In a comment on this article by Claire Berlinksi at The Cosmopolitan Globalist, about Israel’s aerial blitz against Iran, I said this:
I think that while Israel cannot destroy Iran’s key nuclear facilities, it can do enough damage to supporting infrastructure to screw it up. Target the regime, I say, keep bumping off the leadership. Smash up as many military assets as possible. Demonstrate to the Iranian people that their overlords cannot defend the country. I’ve recently been rereading B.H. Liddell Hart, and here, I think, is a situation in which his strategy of the indirect approach would work.

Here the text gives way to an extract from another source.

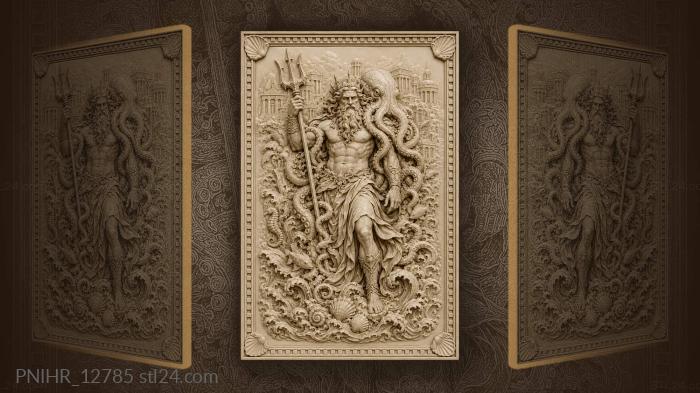 Sea god with octopus majesty 3d STL model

This was in reply to the concerns, voiced in Claire’s article, that despite the great skill and daring of the IDF’s Iran operation, it lacks the capabilities necessary to destroy the Islamic Republic’s key nuclear research and development facilities. These are sited underground, protected by yards of concrete and steel, and could only be destroyed by the 30,000-pound American GBU-57A/B Massive Ordnance Penetrator—which can only be delivered by the US Air Force’s B-2 strategic bomber or some comparable aircraft. The IDF has neither such a weapon nor the aircraft necessary to deliver it.
So what has B.H. Liddell Hart got to do with this issue?
First, some background. Liddell Hart served in the British Army during the Great War, was wounded several times and also gassed, and though he stayed in uniform after the Armistice, ill health caused by his injuries forced him to retire in the mid-1920s. Thereupon he became a military historian and commentator, best remembered today for his contributions toward the development of armored warfare doctrine: He became the most prominent of Britian’s interwar “tank prophets.”
Naturally enough, Liddell Hart’s military commentary was profoundly influenced by his service as an infantry officer on the Western Front. He came to believe that by committing the largest army it ever raised to battle on the Continent, Britain had made a great strategic mistake. Traditionally, he argued, Britain had relied on its geographical isolation as an island nation, and on the Royal Navy, to fight its wars by a strategy of “indirect approach,” employing seapower to harry the enemy on the peripheries of the conflict. Allies would be subsidized, and a small expeditionary force might be dispatched to support them. The enemy’s ports would be blockaded, his overseas colonies would be seized, his trade routes would be disrupted. This was how Britain conducted its war against revolutionary and Napoleonic France.
In his book Strategy (1954), Liddell Hart argued his case for the indirect approach in detail, drawing examples from the whole of the military history of the West, from ancient Greece to the Second World War. I’ve been rereading Strategy in connection with my ongoing Substack series on the Great War—a felicitous coincidence given the ongoing conflict in the Middle East. It occurred to me that the strategy of the indirect approach answers the concerns of those who point to Israel’s inability directly to destroy Iran’s nuclear research infrastructure.
There’s nothing mysterious about Liddell Hart’s theory of strategy. Instead of banging your head against the front door, use the side entrance: It’s as simple as that.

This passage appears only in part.